Batendo panelas, populares invadem comícios da oposição para defender presidente

Surpreende em São Paulo a reação popular contra um comício oposicionista. Estudantes da Faculdade de Direito do Largo de São Francisco fazem na praça da Sé uma manifestação pela democratização do país e contra Vargas e o Estado Novo, pedindo até a morte do ditador. Radicalizando o discurso, o presidente do Centro Acadêmico XI de Agosto, Rui Nazaré, insulta o chefe do governo e conclama: “Trabalhadores e estudantes de São Paulo, avante! Pela democracia!”. Esses ataques produzem, todavia, efeito contrário — indignadas, centenas de pessoas humildes cercam o comício batendo panelas e gritando palavras de apoio a Vargas: “Vivam os trabalhadores!” e “Nós queremos Getúlio!”.

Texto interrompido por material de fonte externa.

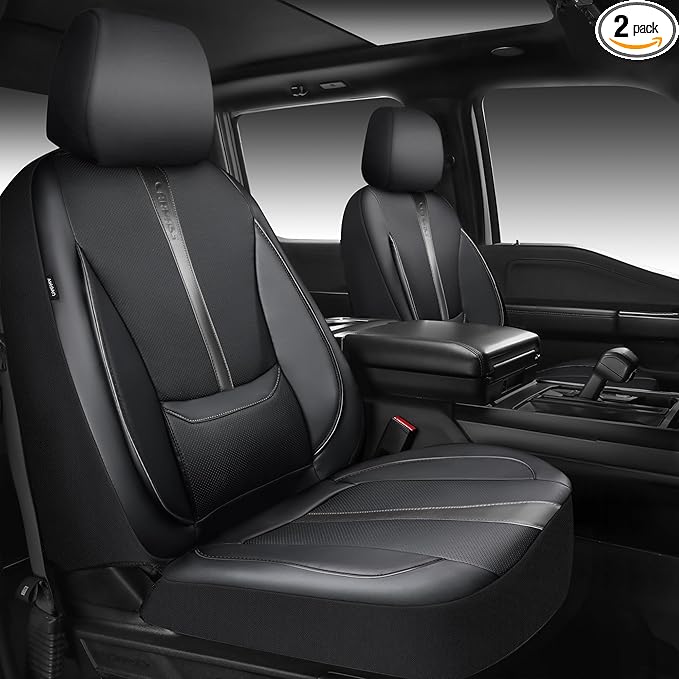 CAR PASS Nappa Leather Seat Covers Front, 3D Foam Support Water Resistant Faux PU Gray Leather Car Seat Covers 2 Pcs, Comfort & Universal Fit for Cars SUV Truck Most Vehicles (Black and Gray)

A primeira reação do estudante orador foi aumentar o tom e a fúria das palavras, porém os populares vieram com mais força, até que os estudantes, acuados, abandonaram a praça.

A reação deixou perplexas a oposição e a imprensa. Pelos jornais, os manifestantes queremistas foram chamados de arruaceiros, desordeiros, bêbados, exaltados e violentos. No mês seguinte, todavia, quando a imprensa sindical passou a publicar opiniões de entidades e cidadãos comuns sobre os temores de um Brasil sem Getúlio, a inequívoca lógica dessas opiniões tornou-se cristalina: os trabalhadores temiam que, se Getúlio fosse embora, seus detratores, uma vez no poder, suprimissem a legislação que, desde 1930, vinha lhes conferindo diversos direitos trabalhistas.

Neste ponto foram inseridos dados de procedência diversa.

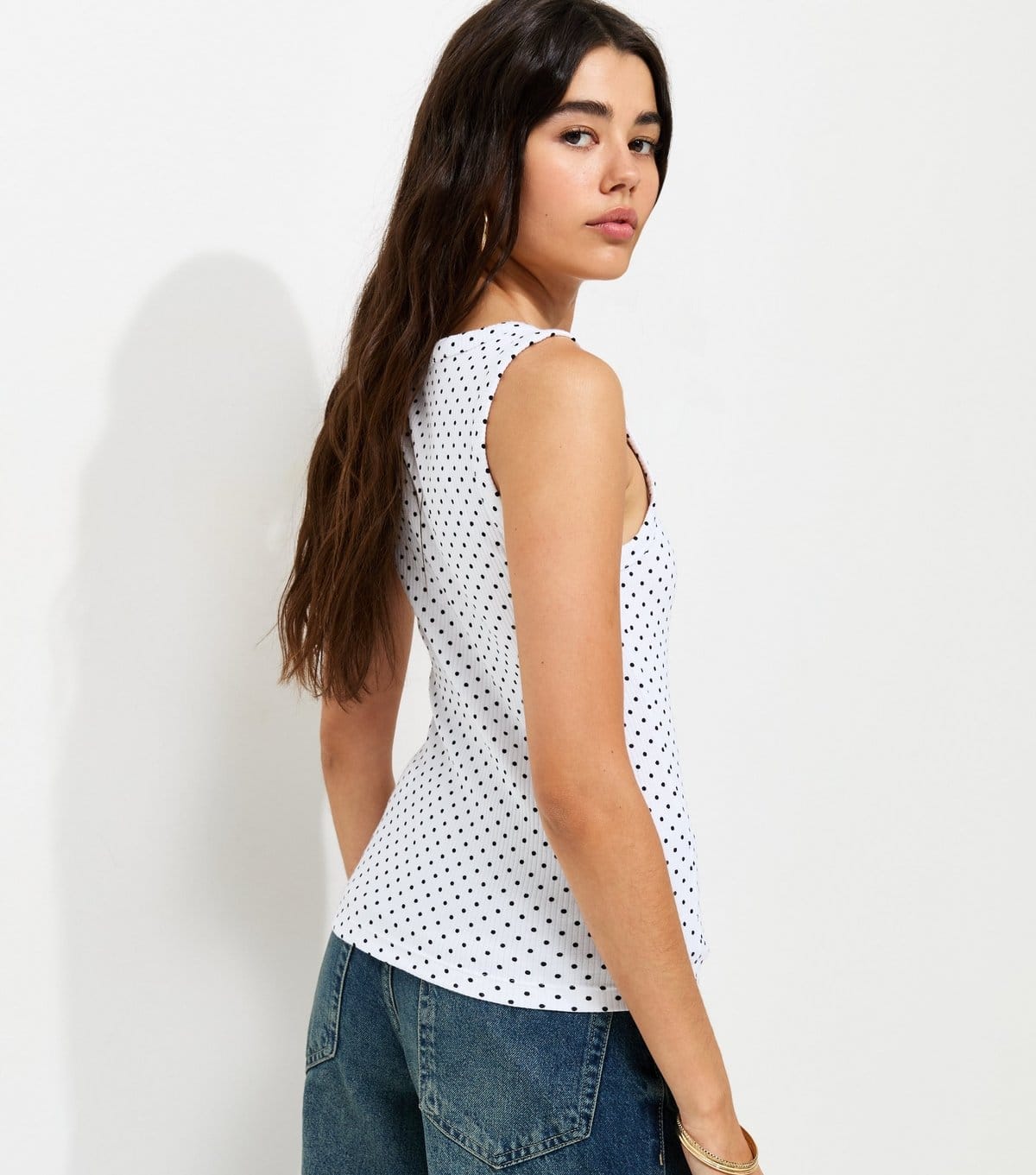 New Look Women's White Cotton Rich Spot Print Square Neck Vest Top New Look - 4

A partir dessas publicações e das reações dos trabalhadores nos comícios da oposição, lançando nas ruas o slogan “Queremos Getúlio”, o movimento passou a ser designado como “queremismo”.

As manifestações populares seriam espontâneas até a abertura do primeiro comitê pró-candidatura de Vargas, no Rio Grande do Sul. A partir de então, foram criados escritórios em todo o país. Um “comício-monstro” realizou-se no largo da Carioca, no Rio de Janeiro, no dia 20 de agosto, e se desdobrou numa passeata até a sede do governo, o palácio do Catete, quando foi entregue a Getúlio um documento pedindo-lhe que concorresse às eleições. O prazo legal para que o presidente, se quisesse concorrer, deixasse o governo venceria em alguns dias. No entanto, ele não renunciou.

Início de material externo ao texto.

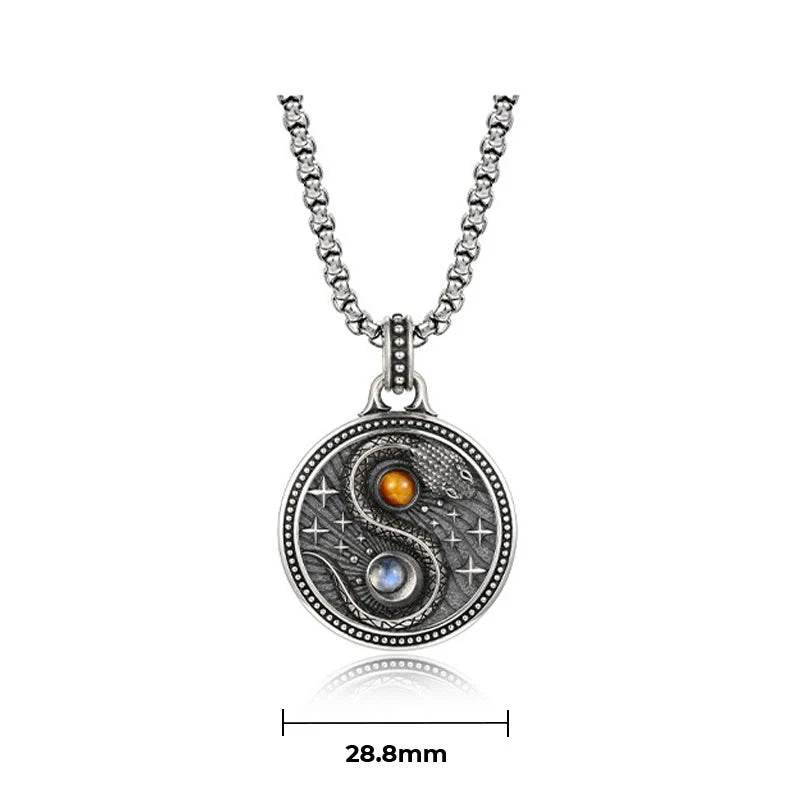FREE Today: Harmony and Wealth Snake Yin Yang Symbol Copper Necklace Pendant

Já engrossado pelo Partido Comunista do Brasil (PCB), de Luís Carlos Prestes, o movimento queremista passaria, então, a atuar em favor da tese de que Getúlio deveria convocar imediatamente uma Assembleia Nacional Constituinte e ficar no poder até que a nova Constituição fosse promulgada. Era a campanha “Constituinte com Getúlio”.